THE CAPTAIN OF THE CREW

A WEEK after the opening of the mid-winter term at St. Timothy’s, Edward began training with the candidates for the Pythian crew. The number of them varied with the weather; if that was good and the skating was fine, there would be only a dozen or fifteen boys at work in the gymnasium; whereas on stormy afternoons there might be a hundred, of whom at least half considered themselves crew candidates.

Edward was one of the most constant, and was rewarded after a while for his constancy, for on a particularly lean day Tom Sheldon, the captain, said to him,—

“I’ve got to play hockey this afternoon, and most of the fellows will be doing that too; will you run the squad, Crashaw?”
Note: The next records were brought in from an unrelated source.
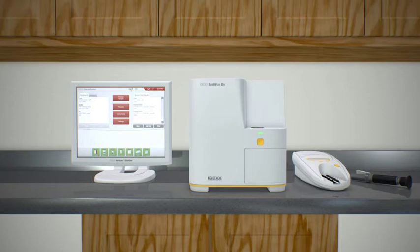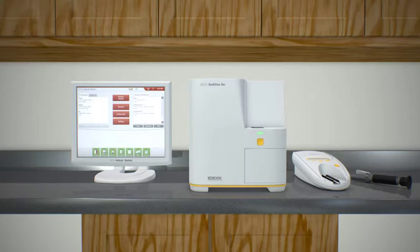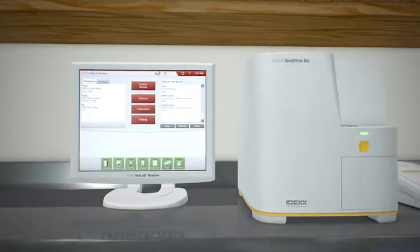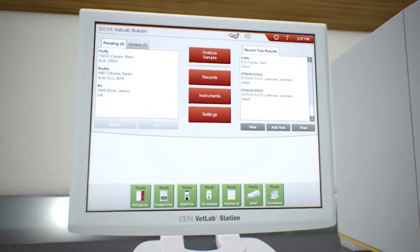With IDEXX two-way integration, we've initiated the run from your practice management software. All the patient information is transferred over and the charge is captured.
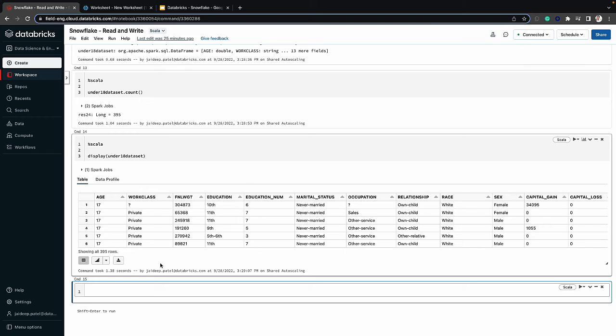So you saw how easy it is to connect to Snowflake, write data in and read data out of it from Databricks. I can take additional steps to write the content of this data frame into a Databricks Delta table to run some advanced analytics or utilize it for machine learning use cases as well. Thank you for watching and don't forget to hit the subscribe button for more how-to videos and tons of other Databricks content. We'll see you next time.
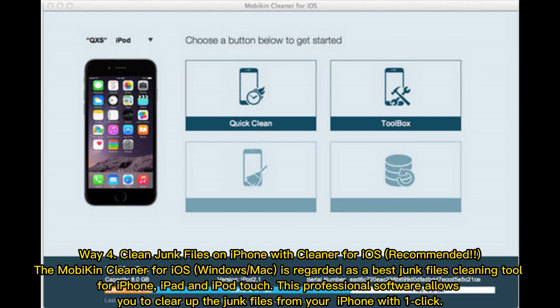Way 4: Clean junk files on iPhone with a cleaner for iOS (recommended). The Mobicon Cleaner for iOS, Windows, and Mac is regarded as the best junk files cleaning tool for iPhone, iPad, and iPod Touch. This professional software allows you to clear junk files from your iPhone with one click.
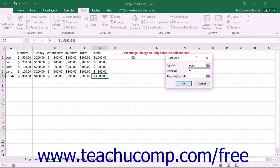Then click into the To Value text box and enter the goal value that you want to find.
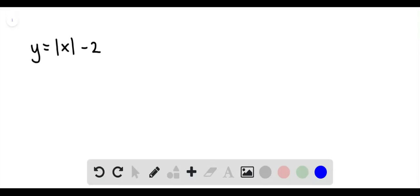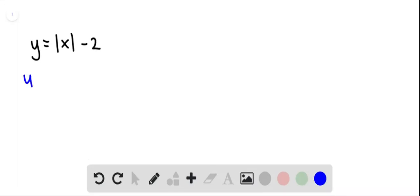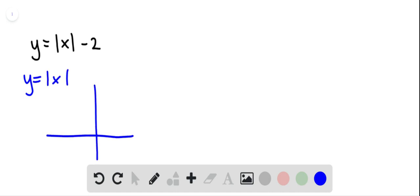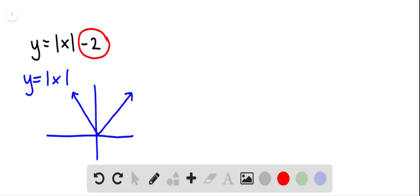To graph this function, we're going to start by looking at the graph of the standard function y equals the absolute value of x. That's your basic v-shaped graph with a vertex at (0, 0). Now what happens to it if we subtract 2? That's going to shift the whole thing down 2.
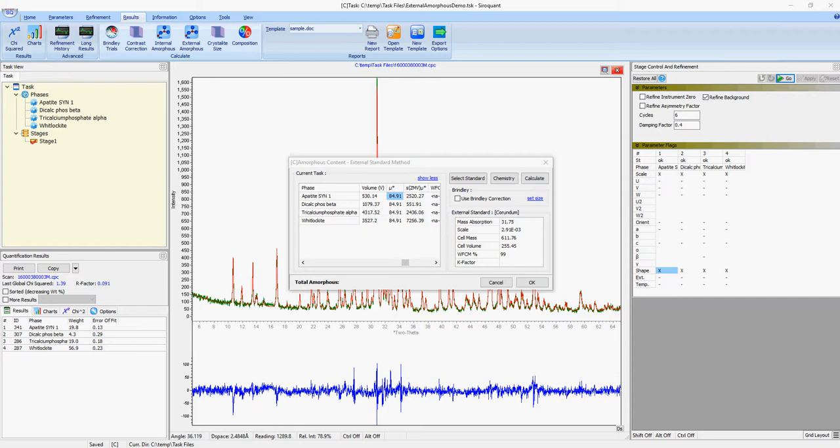We can now hit Calculate, and the amorphous content for this sample is now displayed in the bottom left-hand corner as 12.34%. So that's how to use the external amorphous standard method with Soroquant software. Thanks for watching.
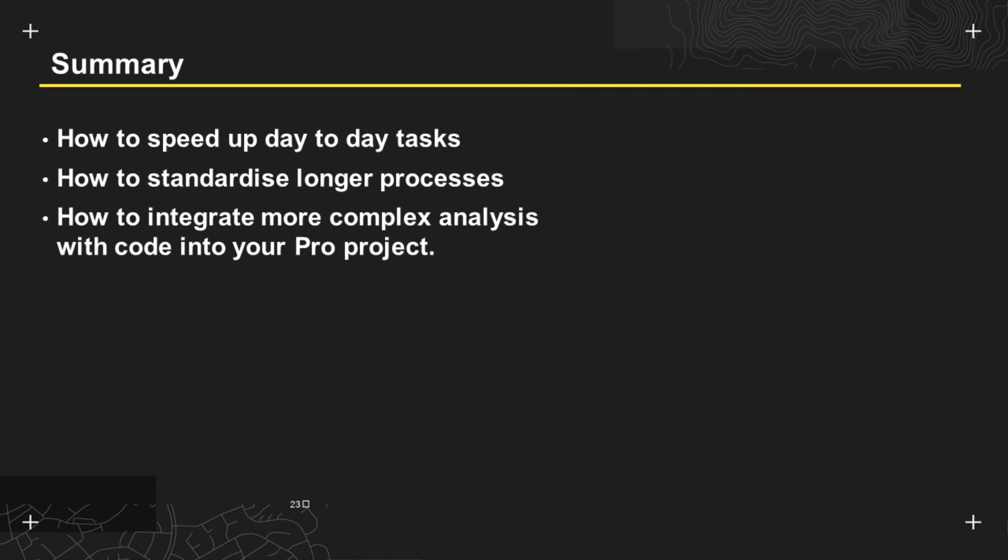So I want to thank you all for listening today hopefully you've now been able to understand how you can speed up your day-to-day tasks with scheduling and hopefully now you can understand how you can use model builder to standardize longer processes but also how you can automate the creation of these processes within the create tools from history functionality. Finally hopefully you've got just a bit of a flavour in how you can integrate more complex analysis with your code into ArcGIS Pro projects using ArcGIS notebooks. Thank you for listening and have a lovely day.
Running the squad meant leading them in the pulling of chest-weights, stroking and coaching them on the rowing-machines, and afterwards taking them for a mile trot down the road. It was quite like being captain, and though Edward felt as he led his meagre band that perhaps not one of them would ever make the crew, he enjoyed being given a position of such responsibility.

As for Sheldon, with all his attractive qualities, he had not much feeling of responsibility. He was a most easy-going, mentally indolent boy, who was nominally a Sixth Former but who was really repeating about half his studies with the Fifth; he had been elected captain of the Pythian crew and also of the School crew by virtue of being the best oar in St. Timothy’s and not because he had ever demonstrated any notable capacity for leadership.
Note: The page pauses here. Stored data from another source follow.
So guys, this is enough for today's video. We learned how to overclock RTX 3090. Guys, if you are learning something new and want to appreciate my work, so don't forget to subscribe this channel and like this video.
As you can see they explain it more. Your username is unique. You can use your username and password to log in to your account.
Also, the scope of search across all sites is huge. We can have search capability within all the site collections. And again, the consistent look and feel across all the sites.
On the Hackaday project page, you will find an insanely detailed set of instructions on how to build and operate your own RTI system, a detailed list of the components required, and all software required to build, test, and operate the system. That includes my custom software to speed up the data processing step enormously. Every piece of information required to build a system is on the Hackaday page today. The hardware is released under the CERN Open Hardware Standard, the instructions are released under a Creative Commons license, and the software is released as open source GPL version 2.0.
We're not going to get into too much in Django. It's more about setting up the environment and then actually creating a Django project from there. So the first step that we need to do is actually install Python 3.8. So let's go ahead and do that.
Of the four members of the crew of the year before who had returned to the School, Cochrane and Quimby were Fifth Formers and would naturally have been passed over in the election of a captain; but Edward could not help thinking it strange that Sheldon had been preferred to Durant, who was obviously a person of greater driving power.
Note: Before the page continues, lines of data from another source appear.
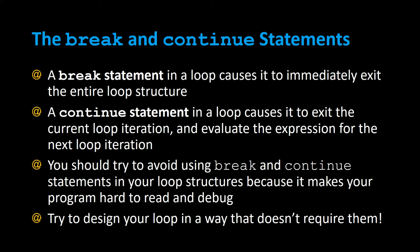The break and continue statement. A break statement in a loop causes it to immediately exit the entire loop structure. A continue statement in a loop causes it to exit the current loop iteration and evaluate the expression for the next loop iteration.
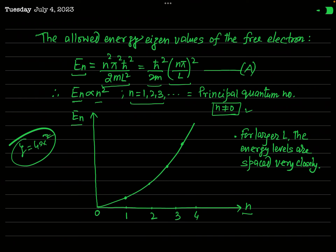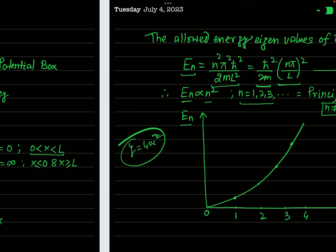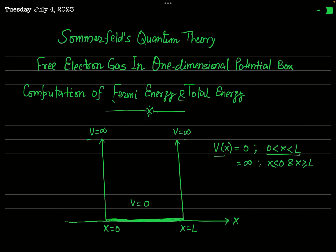Using this energy eigenvalue expression, our aim in the present lecture is to find two very important quantities: first, the Fermi energy, and second, the total energy of all electrons inside a solid. We will see how Fermi energy is defined and how it can be calculated in the case of a one-dimensional crystal.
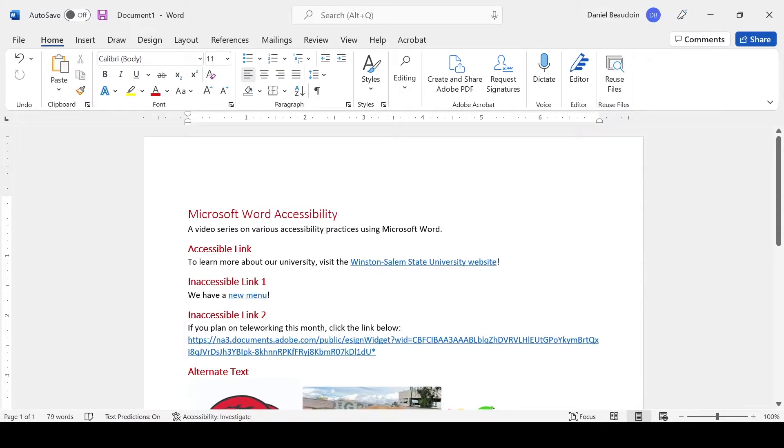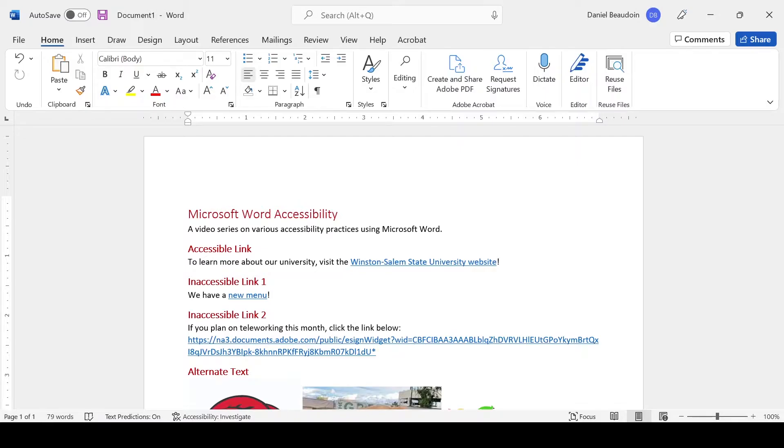One of the easiest ways to improve the accessibility of your Microsoft Word documents is to use the Microsoft Word built-in Accessibility Checker.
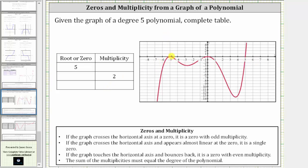Working our way from left to right, here we have a horizontal intercept with the ordered pair negative five comma zero, which means when x is negative five, the y value or function value is zero. Next we have the origin, zero comma zero — when x is zero, the function value is zero. And then on the right we have five comma zero, when x is five, the function value is zero. So we have a total of three roots or three zeros for the degree five polynomial function.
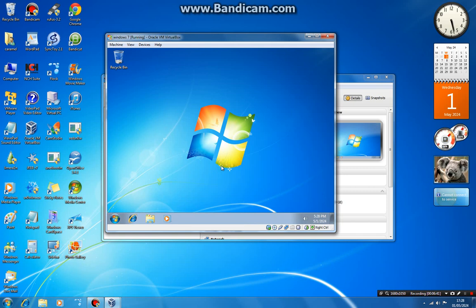And that's how to install Windows 7 on a VirtualBox. If you like this video, hit the like button and see you in the next one.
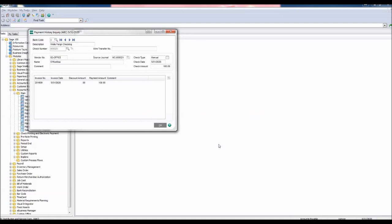and we can see that our vendor number appears as well as our invoice number, the payment amount, and the check type, which is a manual check.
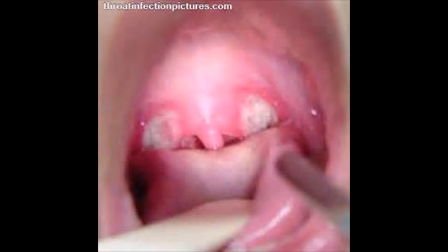Gonorrhea in females can result in PID, which is pelvic inflammatory disease, if it's left untreated, which can result in infertility due to the inflammation and scarring of the fallopian tubes.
Blanchard offered an explanation when Edward asked him about it.

“Sheldon was the best oar in the boat and pulled harder than anybody else in the race, so I guess the fellows thought he deserved the captaincy,” said Blanchard. “Besides, he’s more generally popular than Harry Durant; I guess Harry’s soreness over the football election hurt him when it came to electing a crew captain.”

If it had not been for Mr. Burns, the gymnasium instructor, who gave them some patient coaching, the Pythian crew candidates would have been rather neglected. On the crowded days Sheldon seemed both bewildered and indifferent; he would pick out six or eight of the biggest fellows and say. “Come on; fall in;” and with them he would do chest-weights and row on the machines, leaving all the others to their own devices.

It was quite a different method that Cole, the captain of the Corinthians, pursued. Cole had no great strength or skill as an oarsman, but he was most painstaking; and when he was not himself actively pulling weights or rowing, he was standing by, watching and criticizing and trying to teach the others—even the most unpromising. But when Sheldon had had enough of the weights and the rowing-machines, he would pick out some one—usually Edward—and say, “You run the rest of the squad to-day.”

Then he would go upstairs, where were the flying rings and horizontal bars and all the rest of the gymnasium apparatus; and there he would disport himself, wrestling with some other big fellow on a mattress, or sailing up and down the room on the rings, or shinning up the rope to the ceiling, or “skinning the cat” on the horizontal bar.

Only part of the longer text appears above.